The modularity of the planks helps bring math language into children’s play. The parts work intuitively as units for easy building. Two small planks are equidistant to one large plank. This allows for geometric understandings. Clean up time is always a counting and sorting opportunity.
For young children, social studies is about learning to live, work and play within a community. The Rigamajig teaches working in small groups; developing social skills for negotiating, learning and listening to peers, and finding a voice. Have children share stories about their creations..
Play prompts for getting started
Build a Rigamajig that can lift something.
Build a Rigamajig you can get inside.
Build a contraption to take you to the center of the earth.
How many different ways can you join three pieces?

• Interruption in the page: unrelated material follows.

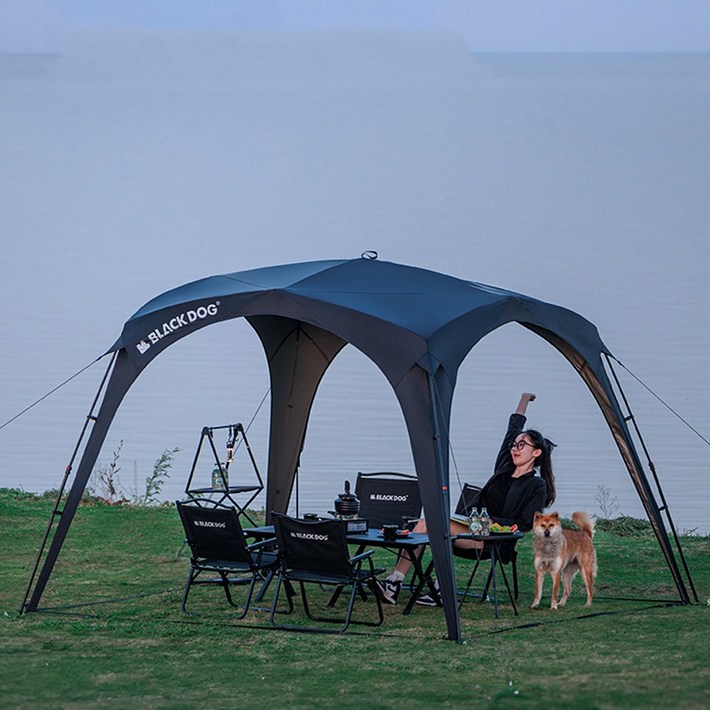 Blackdog 원터치 캐노피 돔 타프 스크린 차양 야외 그늘막 텐트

Build a contraption to send a bucket from one place to another.
Create something with four legs and a tail.
Give it a name. Make up a story about where it came from.
Build a structure that would allow you to live on a cloud.
Build a contraption that would allow you to ride a whale.
Tell a friend about your invention.
What is the tallest structure you can make with 5 pieces?
Using 15 pieces make a contraption that can hold a 10 lb. bag of potatoes.
What can you build with 20 pieces?
Tell and write how your contraptions work.
Make a structure that incorporates a balloon in a useful way.
Make a structure that incorporates an empty box.
Make a structure that incorporates a chair.
Use the Rigamajig to make a friend.
Now that you have made a structure...look at your neighbor’s creation and find a way to join your two structures to make a new one. What might it do?
Draw a picture of your Rigamajig creation and label the parts. Next, tell your neighbor instructions for how it works.
Invent your own prompts, or play without prompt!